Yes, the pub nic is configured for DHCP, the private nic has assigned
private ip's. I don't have a 3rd sub-net?? Unsure how that would
figure into the equation.... again thanks for the assistance

OK, I thought some more. Here's the issue I'm not to sure about, ICS on
the Win2K box. I tried using ICS back in Win98 days and it really does a
bunch of stuff to the IP config.

Here: http://www.starbandusers.com/ncs.htm this page has a sample
configuration of EXACTLY what you are trying to do. I didn't read over
the whole thing, but give it a shot. I think they are still using NAT on
the rtr, and then NAT'g agin on the Win2K box, which I wouldn't do, but
it apparently works. I'm sure I could come up with a more clean config,
with a little time.

The issue is subnetting. This setup requires 2 subnets in the private
segment, not only 1. Maybe you could have got this working already if you
spoke with their '3rd level support'. They may have known this. Feel free
to e-mail me with any more questions if you need to. Use the listed e-
mail and just remove all the dots except for one of the doubles.

And with you're ISP's tech support........'it's a known issue' that ISP
tech support usually sucks. I've found that 95% of the people are
incompetant. My wife called our cable ISP one day, I was at work, because
the internet wasn't working. My setup is straight forward cable modem ->
d-link rtr -> lan. The problem was the link between the cable companies
headend and my modem. The LED on the modem indicated that there was no
connection between the modem and them. So this guy had her on the phone
for 30 minutes checking all the PC's IP configuration's, the router, etc.
Whenever I call, I tell them straight out, I know what I'm doing, I'm in
the IT field, don't talk to me like I'm grandma, and here's YOUR problem,
since I never call before I rule out any chance that I may have a network
problem.

Let me know here or by e-mail how it goes. That's the one thing about
usenet, you try to help people out answeing question's, and then wonder
if they got it worked out. I don't see a lot of (I do see some here and
there) people posting....'I got it working, the issue was......, thank's
for the help'.


Regards,

DS
 
D

DS

Yes, the pub nic is configured for DHCP, the private nic has assigned
private ip's. I don't have a 3rd sub-net?? Unsure how that would
figure into the equation.... again thanks for the assistance

So I just got off the phone with a developer friend, who wrote a true NAT
function for an OEM wireless company that we used to both work for. The
following should work ONLY if NAT can be disabled on the rtr. The d-link
rtr I have does NOT enable you to disable NAT.

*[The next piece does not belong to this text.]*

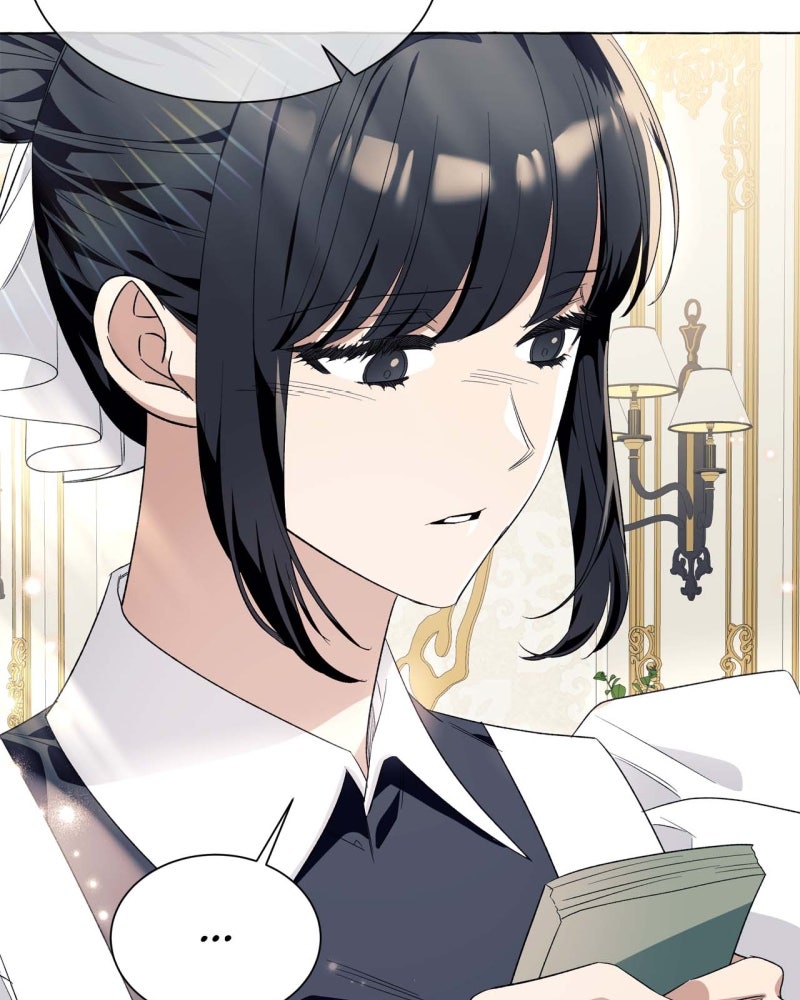 Special Re-Launch: Not YourTypical Reincarnation Story Episode 16 page 80 -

I say TRUE NAT because M$ ICS is NAT but only god knows if it is TRUE NAT
as it was developed by M$. Which brings up a joke....how many M$
engineers does it take to change a lightbulb........none, they just make
darkness the standard. According to my friend, there should not be an
issue NATting packets from a different subnet than the NATted interface.
NAT is accomplished thru the interface the packet came through on, not on
the source IP. Whether or not this is true with M$ ICS, I don't know.

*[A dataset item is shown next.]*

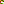 Destellos dst-7862015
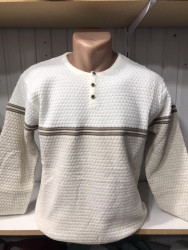 Свитера мужские оптом 53719842 57-19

So anyway, based on TRUE NAT standards.....

NIC1- Globally assigned from ISP thru DHCP.

NIC2- 192.168.1.1 g/w-should be the NIC1 IP. Again, not being familiar
with ICS, I'm not sure if this is done automatically.

Rtr- Disable NAT

Rtr- WAN 192.168.1.2 g/w: 192.168.1.1

Rtr- E-Net 192.168.10.1 (My rtr does not have a g/w setting for the e-
net, so everything g/w's to the WAN's g/w automatically, an effect of NOT
being able to turn off NAT. If the rtr can disable the NAT function and
still act as a rtr between two different networks, there HAS to be a g/w
setting for the E-Net interface, in which case it would be 192.168.1.1)

PC's - 192.168.10.x (other than 1) g/w: 192.168.10.1

Now, in IP the default g/w is used to forward packets that are not on the
local subnet, therefore, a PC, 192.168.10.5, want's to send a packet to
an internet address for yahoo, 216.109.127.29. Since the yahoo IP is not
in the same subnet as the PC, it forward's the packet to the def. g/w.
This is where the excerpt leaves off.